Day 2 and Day 3 were the same – with students completing the questions which we compiled into a number of tasks to choose from. There were three parts – and they had choice within each part. Overall, this went well – with most students performing well in both my Grade 9 and Grade 10 classes.
This type of summative task near the end of the semester allowed for students to tell you what they took away as the most important concepts and ideas from each of the topics they studied. The conversations were rich and some of the arguments over the “best” questions were interesting to listen to.
Here are some of my favourite questions:
Grade 9 Applied
How high did the snowboarder jump? How many stacking dolls fit into this giant stacking doll? How far away did the snowboarder land away from the doll?
Usain Bolt video: Does his speed increase, decrease or stay the same during the whole race? How much did he win by? Who would win – Bolt or a cheetah?
How long would it take to cook this burger? What is the volume of the burger? How many regular burgers would you have to eat to equal this giant burger? How many people can you feed with this burger? How many tomatoes/onions/pickles would you need for this burger?
What should be the cost of the size 12 shoes based on how much they weigh? How much would a size 18 shoe weigh? Why are these ugly running shoes cost $100?
Grade 10 Applied
How many M&M’s do you need to cover this cake? How many packages of M&M’s do you need to buy to make this cake?
How much cheese did he eat? What fraction of the cheese did he take? How did he become so good at cooking?
Tangled movie trailer: How long is Rapunzel’s hair? How heavy is her hair? How does she hold up her head? How long does it take her to grow her hair this long? Is it a happy ending?
Rocket Boys video (October Sky movie): What speed is the rocket going? What is the maximum height of the rocket? How long is the rocket in the air for?
This was just a sampling of the kind of questions my students came up with during the rounds. I also love some of their reasoning behind the questions:
I think they are good questions because we studied shapes and solids and this question is related to what I learned.
This is a visual type question – so I think that’s good.
I want to work with graphs to find out this answer.
This question will provide an answer that is informative.
I’m voting for this one because it would be fun to solve.
This is a good question because solving for area is just good math.
I think circle math is fun.
This is a good question because I was curious about it.
I chose this question because it is challenging and I’m good at those typees of questions so I would do a good job on the summative.
The good: This final performance task allowed students to consider what are good questions and why. They also spent time reflecting on the semester of learning and what they thought were the big ideas and the important mathematics. I really liked how they were able to collaborate with their classmates to come up with questions, and then narrow down to their top five. The variety of questions was astounding to me and with both classes the number of unrelated questions were very low. They were in control and I did not see one student not take part on Day 1.

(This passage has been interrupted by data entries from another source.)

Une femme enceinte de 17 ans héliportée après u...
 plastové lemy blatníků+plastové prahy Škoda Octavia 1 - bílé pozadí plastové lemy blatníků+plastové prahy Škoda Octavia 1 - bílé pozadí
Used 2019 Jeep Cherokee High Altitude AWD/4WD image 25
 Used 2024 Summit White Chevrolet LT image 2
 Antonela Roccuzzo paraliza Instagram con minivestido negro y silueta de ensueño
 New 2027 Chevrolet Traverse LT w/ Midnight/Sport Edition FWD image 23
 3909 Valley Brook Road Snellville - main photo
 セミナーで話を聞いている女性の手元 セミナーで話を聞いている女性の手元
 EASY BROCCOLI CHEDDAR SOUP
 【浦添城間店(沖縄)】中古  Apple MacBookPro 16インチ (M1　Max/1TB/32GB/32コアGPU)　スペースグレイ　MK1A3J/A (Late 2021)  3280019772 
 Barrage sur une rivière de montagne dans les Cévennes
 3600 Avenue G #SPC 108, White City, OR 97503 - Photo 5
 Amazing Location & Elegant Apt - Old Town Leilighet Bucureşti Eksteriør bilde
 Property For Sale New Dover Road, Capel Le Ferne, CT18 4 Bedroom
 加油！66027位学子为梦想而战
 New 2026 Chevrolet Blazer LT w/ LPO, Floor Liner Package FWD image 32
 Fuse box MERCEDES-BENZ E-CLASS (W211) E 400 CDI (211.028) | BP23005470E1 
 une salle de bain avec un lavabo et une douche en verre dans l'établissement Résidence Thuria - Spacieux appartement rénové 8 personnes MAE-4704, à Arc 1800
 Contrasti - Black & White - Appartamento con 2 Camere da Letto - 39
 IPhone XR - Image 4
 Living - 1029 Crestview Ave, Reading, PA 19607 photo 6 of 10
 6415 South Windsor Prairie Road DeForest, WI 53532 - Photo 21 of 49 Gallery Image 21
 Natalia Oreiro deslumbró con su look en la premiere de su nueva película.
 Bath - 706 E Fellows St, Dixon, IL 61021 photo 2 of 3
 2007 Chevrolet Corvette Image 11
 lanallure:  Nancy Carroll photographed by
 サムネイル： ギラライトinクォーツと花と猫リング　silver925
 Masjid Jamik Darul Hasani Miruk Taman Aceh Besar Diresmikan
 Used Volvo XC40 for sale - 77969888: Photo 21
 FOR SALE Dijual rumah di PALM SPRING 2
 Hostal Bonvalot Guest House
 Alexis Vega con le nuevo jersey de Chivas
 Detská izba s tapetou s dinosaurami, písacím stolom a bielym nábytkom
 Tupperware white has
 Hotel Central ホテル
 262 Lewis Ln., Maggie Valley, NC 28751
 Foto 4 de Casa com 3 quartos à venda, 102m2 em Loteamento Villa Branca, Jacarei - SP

The bad: There wasn’t really any challenges when it came to the students participation and completing their task – but it was a fair amount of work sorting through their questions and then compiling the questions into a format that was easy for them to access and provide solutions for – all in a small window of time, between days. Necessary data for each question was provided. We decided to divide the questions into three parts so they would answer a few questions that were easier, medium and more challenging.